Через неделю снова позвали его к расспросу. Но теперь он знал, что дьяк выдумывает небылицы, чтобы запугать его и заставить подписать кабалу…
– Ведомо нам стало, что нес ты в Московское государство тайное письмо от свейского короля к царским изменникам. Кому ты письмо то хотел передать и куды схоронить успел?
По голосу дьяка было слышно, что и сам он не верит в такое письмо.
– Было такое письмо, – вдруг изменившимся голосом сказал Истома.
Дьяк с безмолвным удивлением уставился на него.
– Отдал я то письмо твоей жене Василисе, когда она с торга к тебе в прошлый раз заходила. Наказал я ей схоронить покрепче в твоем дьячем дому и три рубля за то обещал, а как в другой раз твой сын Лешенька прибегал, сказывал он, что ты матери наказал то письмо огнем пожечь – и пожгла… Не знаю, верно ли, что пожгла, да так сказывал твой сын…
– Постой, постой, чего мелешь! – Дьяк вскочил со скамьи, приотворил дверь из горницы, убедился, что за дверью никто не слушает, и суетливо вбежал назад.
– Чего мелешь? Какая Василиса? Какой сын? Какое письмо пожечь?
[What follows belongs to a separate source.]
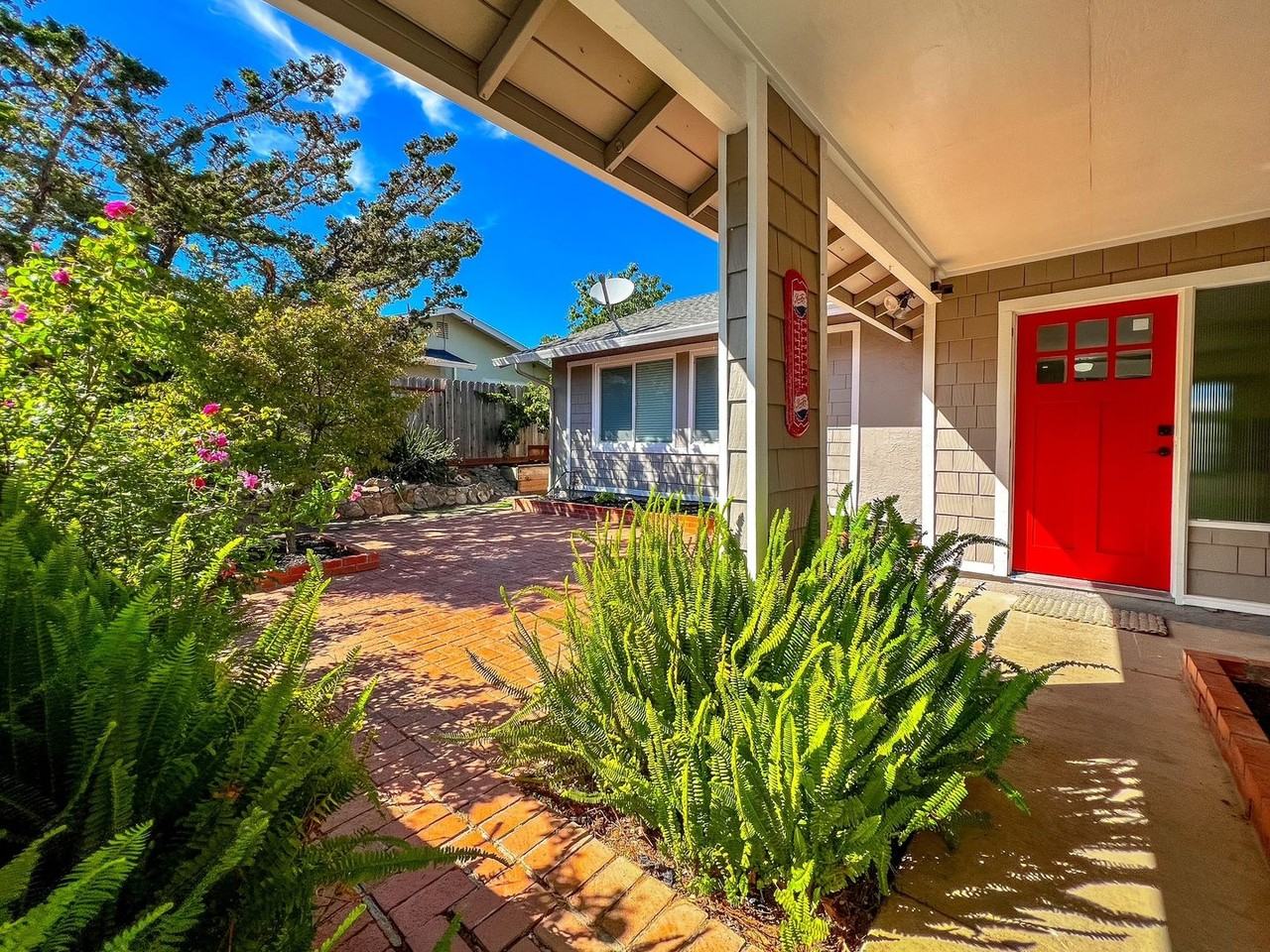 3542 Twin Oaks Dr - Photo 2 of 27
– А то письмо, какое ты сам умыслил… – твердо сказал Истома с торжествующей усмешкой. Он убедился в том, что смелая выдумка его действует и что дьяк испугался. – Я человек смирный, никого не обижу. Да коли мне пропадать за тебя, и тебе, дьяче, тоже пропасть вместе с семенем… Либо ты меня пустишь на волю, либо я на тебя «государево дело»[18] крикну…
У дьяка затряслись руки и ноги. Он стоял бледный, как сам Истома. Он понимал лучше других, что, если Истома крикнет «государево дело», пока разберутся, ему не избегнуть пыток, как и жене и сыну…
– Сядь, дьяче, не торчи перед оком – тошно! – с неожиданно взявшейся смелостью приказал Истома.
Дьяк, растерянный, сел, нескладно вытянув длинные ноги, и вытер со лба рукавом пот.
– Все одно мне мука, – грозно сказал Истома, – вытерплю, чтобы тебя загубить.
– Дак… Да чего ты мелешь? – бормотал дьяк. – Не было у тебя письма, так и сказывай «не было», а то затеял – себе и другим на голову. Я ведь так спросил: «Не бывало ли, дескать, писем?»
Истома решил насесть крепче, пока дьяк не оправился от испуга. Забитого, съеженного мужика как не бывало: перед дьяком стоял теперь иной человек.
– Ты спросил, я ответ держу на твой спрос. Другой кто спросит про то же – и другому отвечу. Хоть самому воеводе, хоть на Москву повезут и под пытку поставят!..
– Да постой, постой, дело сказываю: хочешь тюрьмы избыть, замолчь! – зашипел дьяк, боясь поднять голос.
– Не отделаться тебе, дьяк! – зло усмехнулся Истома. – Либо пусти меня, куда сам захочу, словно бы такого и не было, либо объявлю про письмо. Я не грамотей: что писано было, не знаю, а государю то письмо могло снадобиться!..
– Тише, не кричи! Коли услышат, и сам воевода тебя не сможет на волю спустить.
– Ладно, не стану, а ты, дьяк, мне волю подай, – заключил Истома.
Авдотья, оставшись без лошади и телеги, без последней рухляди и без денег, потеряв сына и мужа, едва держась на ногах после родов, бродила, шатаясь от горя и слабости, по торговым площадям Великого Новгорода. Она сто раз на дню рассказывала свою историю, прося подаяния, и сердобольные горожанки слушали ее, покачивая головами. Они сочувствовали несчастной перебежчице из-за рубежа, и никому не пришло даже в голову выдать ее воеводе…
Ей подавали гроши, и она брала, преодолев и быстро забыв стыд первого принятого подаяния. Она становилась в толпу просящих, но нищие сгоняли ее со своих мест: они завидовали ее свежей беде, о которой она говорила с подлинной болью, с той болью, какую счастливые любят слушать и за которую щедрей подают.